A Botnet is Roving Around Destroying CryptoMining Malware

Cybersecurity researchers at Qihoo 360NetLab say they have identified a botnet (a network of coordinated computing devices) that is trolling the net to locate computers running Monero mining script and destroying the script.

The botnet is said to first look for the presence of a certain open ports in a system, which it then uses to enter a computer and track down and destroy a particular malware that mines the Monero cryptocurrency.

The malware script, called “com.ufo.miner,” once identified, is terminated by the botnet using uninstall and “suicide” commands.

Cybersecurity firm Trend Micro says that cryptocurrency-mining malware attacks have spiked 956% in the past year.

While crypto mining software is sometimes used legitimately by charities and free sites, in a mining malware attack, affected systems are secretly held hostage by software that can keep computers perpetually awake while forcing them to generate cryptocurrency in a process called “mining.”

This “CPU-engorging” process can not only increase a computer system’s power consumption, it can also damage processors.
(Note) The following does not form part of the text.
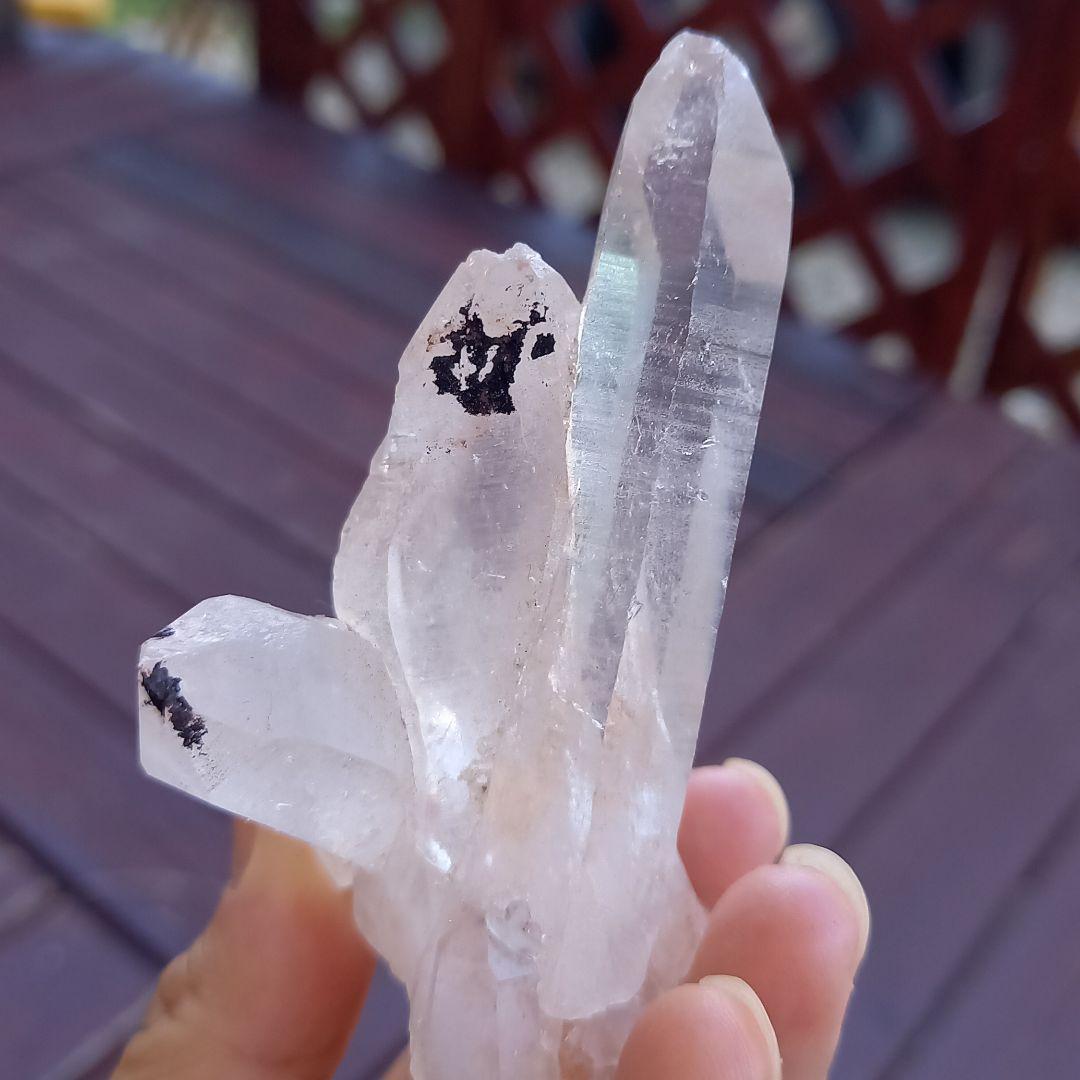 ヒマラヤ水晶◼️マニカラン産水晶クラスター 109g  パワーストーン 3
Mining proceeds in malware attacks are sent to attackers’ online crypto “hot wallets,” and in some cases, a percentage goes to companies that make the malware, including Coinhive.
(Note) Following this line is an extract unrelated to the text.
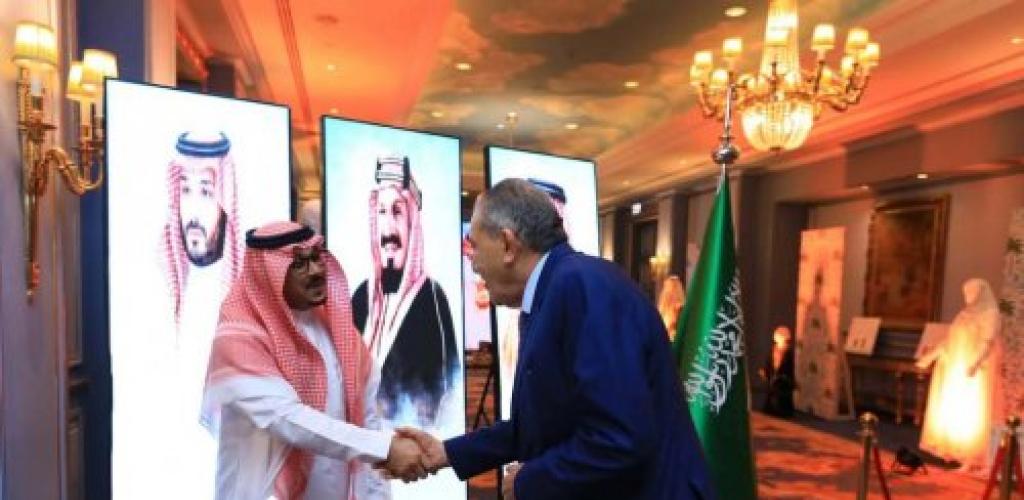 رئيس الغرفة التجارية بالإسكندرية يشارك في احتفالية القنصلية السعودية بالإسكندرية بمناسبة اليوم الوطني للمملكة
Researchers have previously identified a feature of malware that makes it capable of removing competing malware from a system, and Qihoo 360NetLab do not know whether this latest botnet, which they detected this September, is operating for good or simply to help usher in new malware.

Notably, rather than using a, “traditional DNS to communicate with the C2,” the bonnet is at least partly undergirded by a blockchain system, which could help the botnet obscure itself.

According to the researchers:

“The choice of Fbot using EmerDNS other than traditional DNS is pretty interesting, it raised the bar for security researcher to find and track the botnet (security systems will fail if they only look for traditional DNS names).”